步骤812,将后验概率矩阵和第二似然概率矩阵作为训练后的HMM模型的输入数据,获取输出的第三似然概率矩阵。
步骤814,根据第三似然概率矩阵在音素解码网络中获取与待识别的语音数据对应的目标词序列。
在本实施例中,为了能得到更准确的识别效果,在通过训练后的GMM-HMM模型得到初步对齐结果(第一似然概率矩阵),再经过训练后的DNN-HMM进行进一步的对齐,能够获取更好的对齐效果。由于深度神经网络模型比传统的混合高斯模型能得到更好的语音特征表达,因此使用深度神经网络模型做进一步强制对齐能进一步提高准确率。然后将该进一步对齐的结果(第二似然概率矩阵)代入具有创新型的具有连接单元LSTM-HMM模型,可以获取到最后的对齐结果(第三似然概率矩阵)。需要说明的是,这里的对齐结果是指语音帧与音素状态的对齐关系。

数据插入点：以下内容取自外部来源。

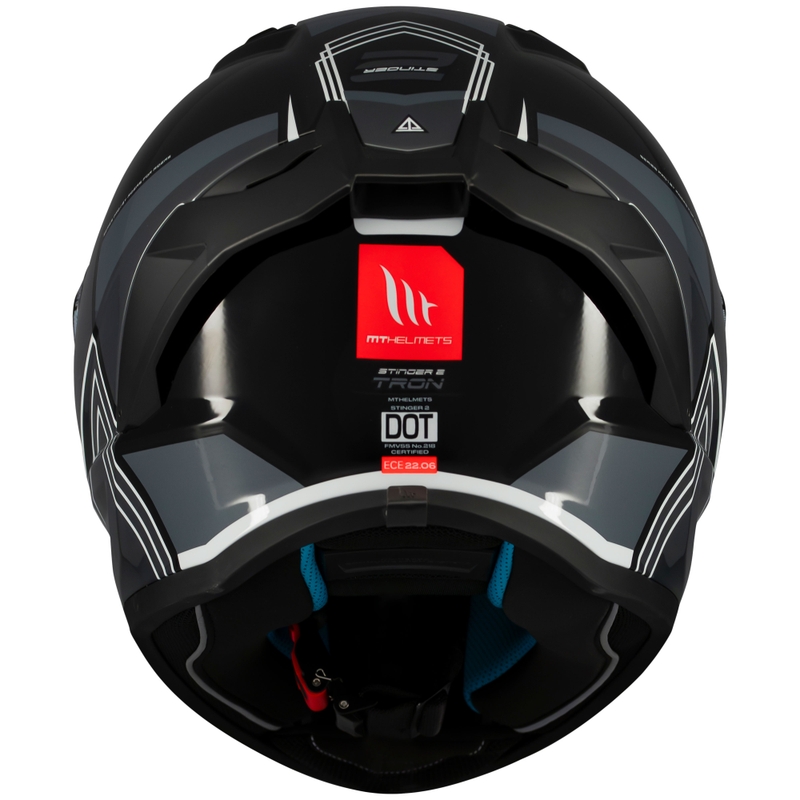 MT Stinger 2 Tron integraal motorhelm zwart-grijs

上述不管是混合高斯模型还是深度学习模型等都是声学模型的一部分,而声学模型的作用就是获取语音 帧与音素状态的对齐关系,便于后续结合语言模型在音素解码网络中获取与待识别语音数据对应的目标词序列。
如图9所示,在一个实施例中,提出了一种语音识别装置,该装置包括:
获取模块902,用于获取待识别的语音数据。
提取模块904,用于提取语音数据中的Filter Bank特征和MFCC特征。
第一输出模块906,用于将MFCC特征作为训练后的GMM-HMM模型的输入数据,获取训练后的GMM-HMM模型输出的第一似然概率矩阵。

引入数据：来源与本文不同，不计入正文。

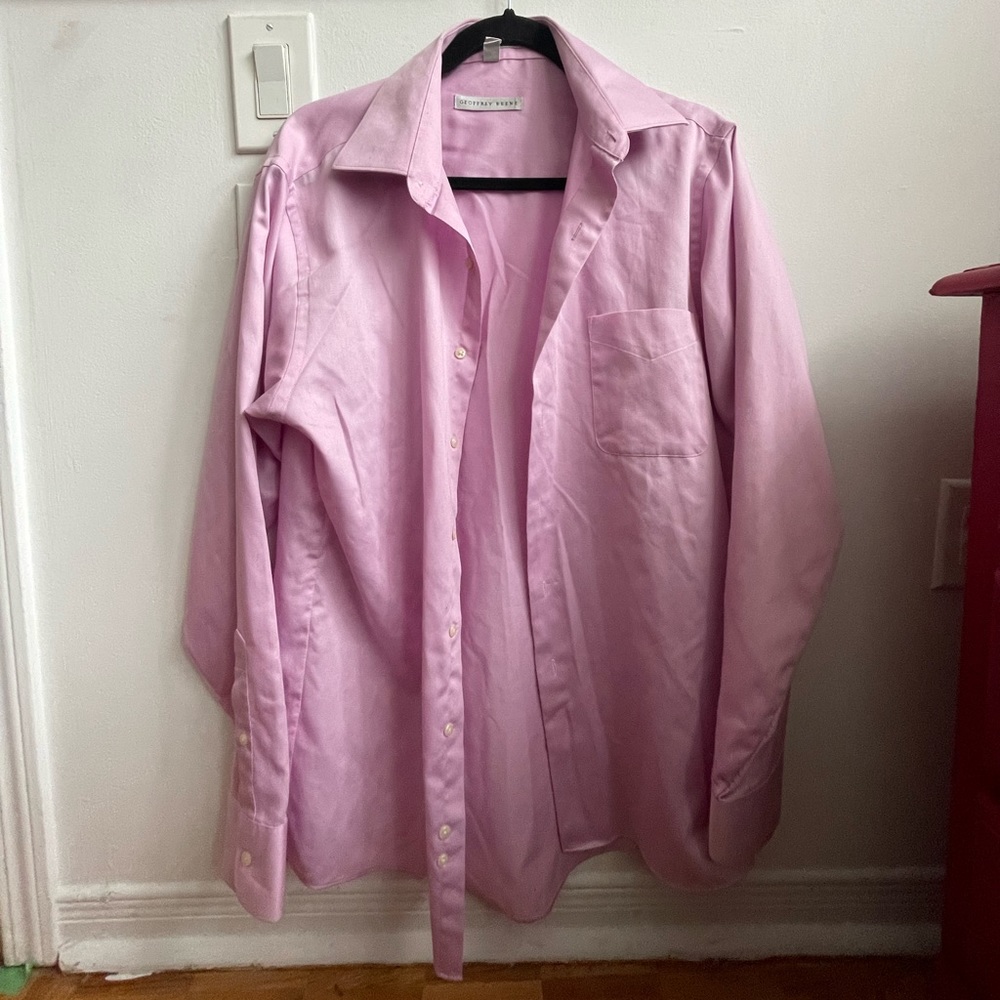 pink button down !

后验概率矩阵输出模块908,将所述Filter Bank特征作为训练后的具有连接单元的LSTM模型的输入特征,获取所述具有连接单元的LSTM模型输出的后验概率矩阵,所述连接单元用于控制所述LSTM模型中层与层之间的信息流动。
第二输出模块910,用于将后验概率矩阵和第一似然概率矩阵作为训练后的HMM模型的输入数据,获取输出的第二似然概率矩阵。
解码模块912,用于根据第二似然概率矩阵在音素解码网络中获取与待识别的语音数据对应的目标词序列。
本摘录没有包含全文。